On page 253, it says: Any "rule" ## \boldsymbol \nabla ##, for producing new verctor fields from old, ... is called by differential geometers a "symmetric covariant derivative." So maybe their constantly calling the bold nabla the covariant derivative is standard. But then, what do we call the part with the semicolon? You know, the part with the gamma correction terms? Then on page 255, last paragraph in the box, labeled "B.", it says: "The machine ## \boldsymbol \nabla ## differs from a tensor in two ways. ...(2) ## \boldsymbol \nabla ## is not a linear machine (whereas a tensor must be linear!)". What? I thought the whole point of the covariant derivative was to have a derivative that produced results that could be used as the components of a tensor. If the covariant derivative is a tensor or has the components of a tensor, it's linear. Yes? No? Which is it? So, that really sent me scrambling all the way back to Schaum's Outline on Vector Analysis by Murray R. Spiegel where I first encountered the covariant derivative as that thing with the gamma correction terms. Yes, well, OK. The thing with the gamma correction terms is supposed to transform like the components of a tensor. So what does MTW mean when they say ## \boldsymbol \nabla ## are not the components of a tensor?
By the time I reached page 271, equation 11.8, I was too confused about what the bold nabla symbol meant. Trying to understand (11.8), I tried several different definitions of ## \boldsymbol \nabla ##, but nothing worked. Somewhere around here and slightly beyond, I was not understanding the math at all, so I Googled. One of the things that popped up was Carroll's Lecture Notes. On pages 75 through 77 I found enough information to eventually figure out a consistent set of terms & notations for all these derivatives that actually seems to give me the same answers as Carroll and makes some sense of MTW. I don't know if my set of definitions is the same as the mainstream or if they even make sense to anyone else, but they make sense to me. The task(s) I'm working on now is to go back through MTW, identify all the places that confused me before, and reread & rewrite MTW's text & math in my notation to see if it makes MTW any more sensible to me. Preliminary experience indicates that MTW can be rewritten to make more sense to me, but there are still a lot of places that don't. So, I may have finally found the right definitions and can start making some progress.
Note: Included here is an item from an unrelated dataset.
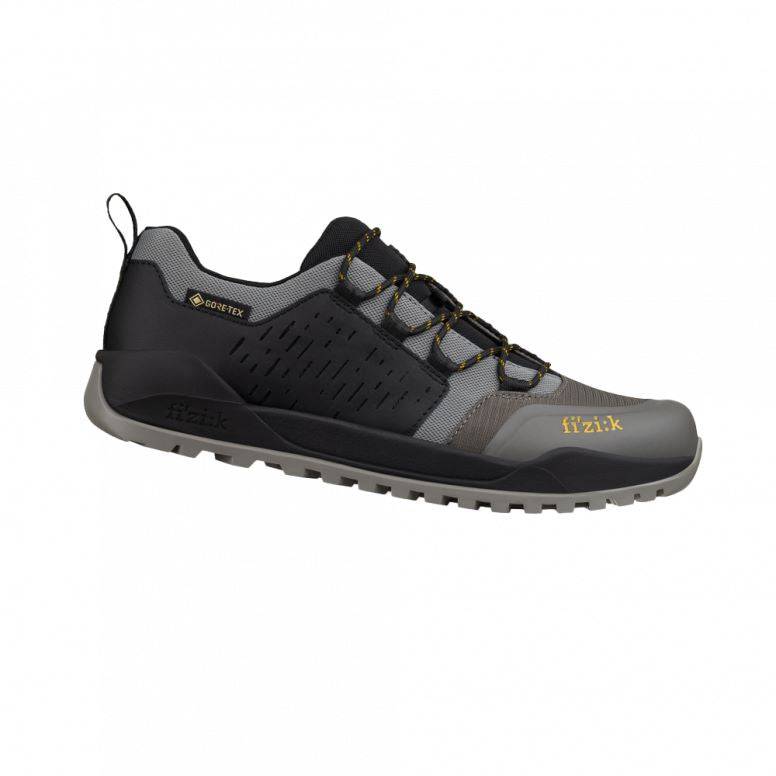 Fizik Terra Ergolace GTX waterproof flat MTB shoes with Vibram outsole, shown in black with rugged design and secure fastening.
This post is not meant to be a rigorous proof that MTW is inconsistent or sloppy in their notation. Probably anyone who has any business reading MTW would not be confused because they are either smart enough to figure it out without a lot of hand-holding (that ain't me) or they've already mastered the math (also not me) & MTW is just intended to show them how to apply it to general relativity. So most readers here will probably wonder how I could have gotten so confused. But for this particular, self-guided hobbyist, it was enough to hold me up for quite awhile. And now that I'm in review & recover mode, I see better what they mean, but I still feel that some of their wording & even the math is inconsistent in some places. I'm confident that that fact means I still don't know what I'm doing.
Finally, I'd like to echo one sentiment of an earlier poster:
vanhees71 said:
The overall concept of MTW and the presentation of the material, however, is outstanding.
If I did not agree, I would never have spent so much time trying to understand it. I have found no other book that covers as much material, even if the coverage is a challenge for the likes of me. Well, it keeps me off the streets at night.